The key insight is that we need to transform three pieces of information from one format to another. The input format is human-readable but inconsistent (ordinal numbers, month names), while the output format is standardized and sortable (numeric values with fixed widths).

We can break down the transformation into three independent conversions:

  1. The year is already in the correct format - we just need to reposition it
  2. The month needs to be mapped from text to a number
  3. The day needs its suffix removed and zero-padding added

Since the output format is YYYY-MM-DD and the input is Day Month Year, we notice the order is reversed. This suggests we can split the string, reverse the components, and then process each part.
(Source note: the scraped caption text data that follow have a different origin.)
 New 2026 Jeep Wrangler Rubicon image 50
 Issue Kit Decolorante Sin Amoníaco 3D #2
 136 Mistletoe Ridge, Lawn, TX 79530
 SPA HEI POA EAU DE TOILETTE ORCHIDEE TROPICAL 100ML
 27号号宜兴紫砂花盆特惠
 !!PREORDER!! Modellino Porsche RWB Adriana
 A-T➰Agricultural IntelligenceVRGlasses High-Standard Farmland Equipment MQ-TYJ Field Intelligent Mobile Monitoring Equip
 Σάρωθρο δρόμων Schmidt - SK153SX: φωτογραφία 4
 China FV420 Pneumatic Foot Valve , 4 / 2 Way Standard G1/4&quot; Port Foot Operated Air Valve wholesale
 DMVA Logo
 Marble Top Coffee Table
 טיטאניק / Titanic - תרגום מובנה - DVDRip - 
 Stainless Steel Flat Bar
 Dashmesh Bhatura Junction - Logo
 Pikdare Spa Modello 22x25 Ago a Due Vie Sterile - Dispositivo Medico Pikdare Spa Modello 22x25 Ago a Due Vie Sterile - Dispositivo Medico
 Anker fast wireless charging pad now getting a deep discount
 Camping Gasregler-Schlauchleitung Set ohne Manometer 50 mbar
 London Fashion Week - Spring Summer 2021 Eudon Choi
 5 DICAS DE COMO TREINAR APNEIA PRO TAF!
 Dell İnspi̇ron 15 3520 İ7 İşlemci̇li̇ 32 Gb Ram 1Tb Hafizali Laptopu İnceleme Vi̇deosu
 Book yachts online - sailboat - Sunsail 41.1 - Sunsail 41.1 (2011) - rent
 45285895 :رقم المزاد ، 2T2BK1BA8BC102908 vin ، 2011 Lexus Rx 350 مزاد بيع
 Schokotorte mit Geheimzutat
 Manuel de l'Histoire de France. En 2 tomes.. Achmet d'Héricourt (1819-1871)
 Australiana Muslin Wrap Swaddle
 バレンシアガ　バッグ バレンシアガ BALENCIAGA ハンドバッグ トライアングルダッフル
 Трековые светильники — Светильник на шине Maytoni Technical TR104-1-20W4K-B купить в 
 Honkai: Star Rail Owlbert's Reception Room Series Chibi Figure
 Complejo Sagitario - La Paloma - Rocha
For the month conversion, instead of using a dictionary or multiple if-statements, we can leverage a clever string indexing technique. By creating a string " JanFebMarAprMayJunJulAugSepOctNovDec" where each month abbreviation occupies exactly 3 characters, we can find any month's position using index() and divide by 3 to get its month number. The leading space ensures January maps to index 3, which divided by 3 gives us 0, so adding 1 gives us month 1.

For the day, we observe that all ordinal suffixes ("st", "nd", "rd", "th") are exactly 2 characters long. So we can simply slice off the last 2 characters using [:-2] to get the numeric part.

The zfill() method elegantly handles the zero-padding requirement for both month and day, ensuring single-digit values become two digits (e.g., "6" becomes "06").

Solution Approach

Let's walk through the implementation step by step:

  1. Split the input string: We use date.split() to break the input into three components. For example, "20th Oct 2052" becomes ["20th", "Oct", "2052"].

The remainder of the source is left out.